To create categorical variables (Actual_vs_Estimate, Budget_deficit_surplus), ifelse() base R function was used. These were added to the “final” dataset using cbind() function which adds a column to the dataset with similar number of rows.
is.na() coupled with sum() function was used to detect any missing values in the dataset.
#Checking for missing values
sum(is.na(final))
## [1] 0
There were no missing values in the dataset.
Before performimg data transformation, it is necessary to correct the data of any outliers. To detect the outliers , boxplot() was plotted using ggplot2 package for the variable - Total State Debt.
# Boxplot for Total State Debt
final$`Total state debt` %>% boxplot(main= "Box Plot fo Debt", ylab="Debt", col= "grey")
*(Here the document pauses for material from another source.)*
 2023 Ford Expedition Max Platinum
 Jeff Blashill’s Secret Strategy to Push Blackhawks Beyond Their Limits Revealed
# Creating a separate vector of outliers in the variable
outliers <- boxplot(final$`Total state debt`, plot = FALSE)$out
print(outliers) # checking the outlier values
## [1] 151.7 64.2 75.3 66.9 137.4
final[which(final$`Total state debt` %in% outliers),] # Finding the rows of outlier values
final <- final[-which(final$`Total state debt` %in% outliers),]#Removing the outliers
boxplot(final$`Total state debt`) # Checking the boxplot
Since there were 4 outliers in the variable, we removed the outliers by creating a separate vector of outlier values using which() function and then, eliminating it from the resultant dataset. This approach was used as the number of outliers were less. Through, this approach all the outliers were successfully removed.
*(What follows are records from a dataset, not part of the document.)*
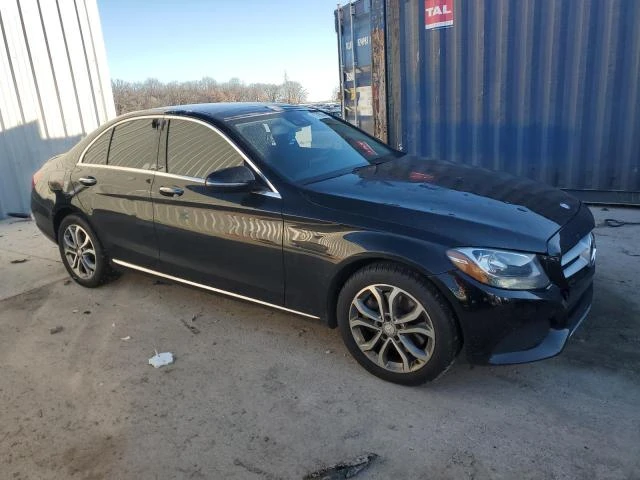 Mercedes-Benz C 300 4MATIC, снимка 1 - Автомобили и джипове - 48327462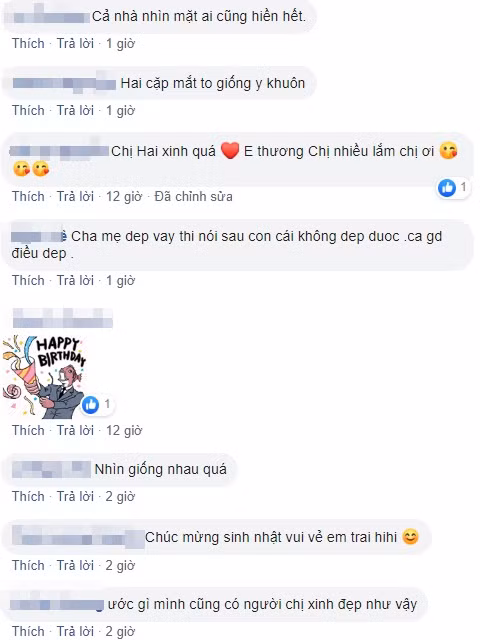 Chia sẻ của Midu nhanh chóng nhận được rất nhiều bình luận. Bên cạnh những lời chúc sinh nhật gửi Trung Hiếu, mọi người đặc biệt để ý đến ngoại hình mang đậm nét thư sinh của anh chàng.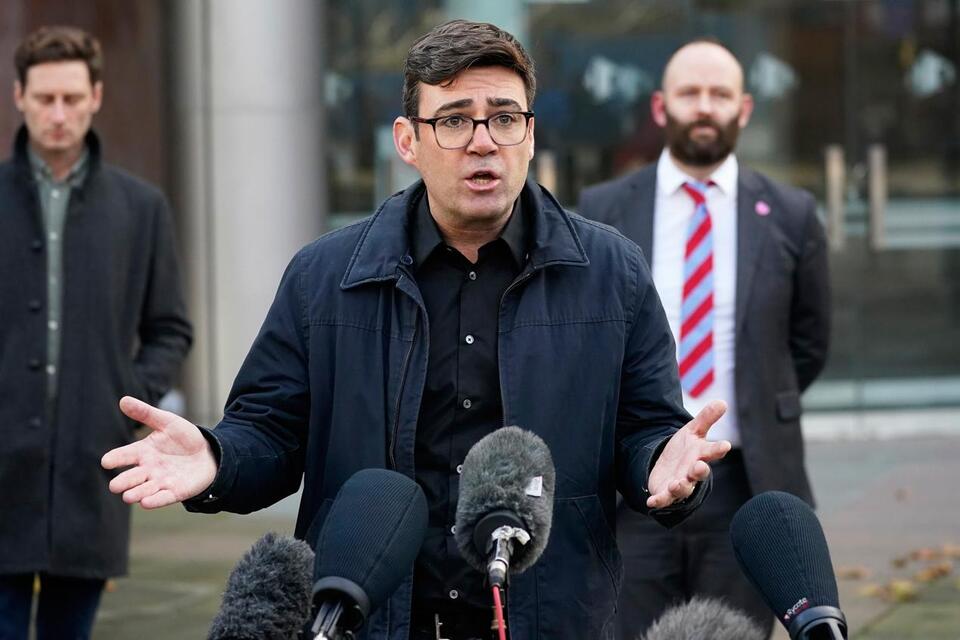Voices: Everything Andy Burnham says about the North is wrong (and I'm from there)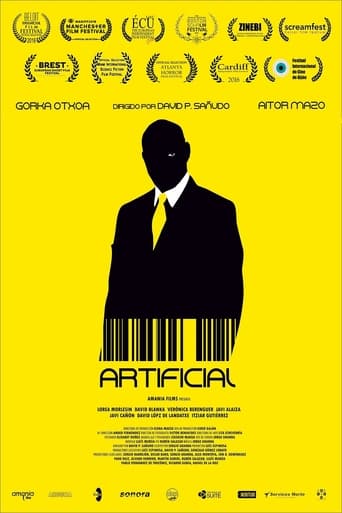 Poster of Artifitial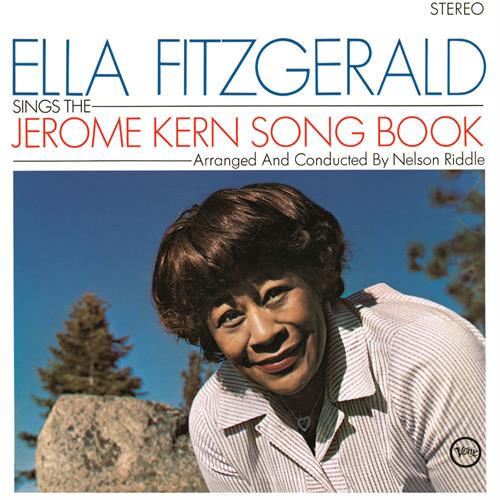 Ella Fitzgerald Sings the Jerome Kern Songbook (LP)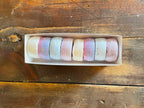 Aromatherapy Shower Steamers Set (8 Pack) | Natural Essential Oil Shower Bombs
To Check if the variable has normal distribution, we plot the histogram using hist() fUnction of Total State Debt.
# Plotting histogram of Total State Debt
hist(final$`Total state debt`)
# Transforming into log data
log_Debt <- log(final$`Total state debt`)
hist(log_Debt) # Plotting histogram of Total State Debt
In accordance to the histogram, the data is postively skewed(right skewness). To achieve normality, we transformed the data into log values as compresses high values and spreads low values by expressing the values as orders of magnitude. This transformation is commonly used for reducing right skewness.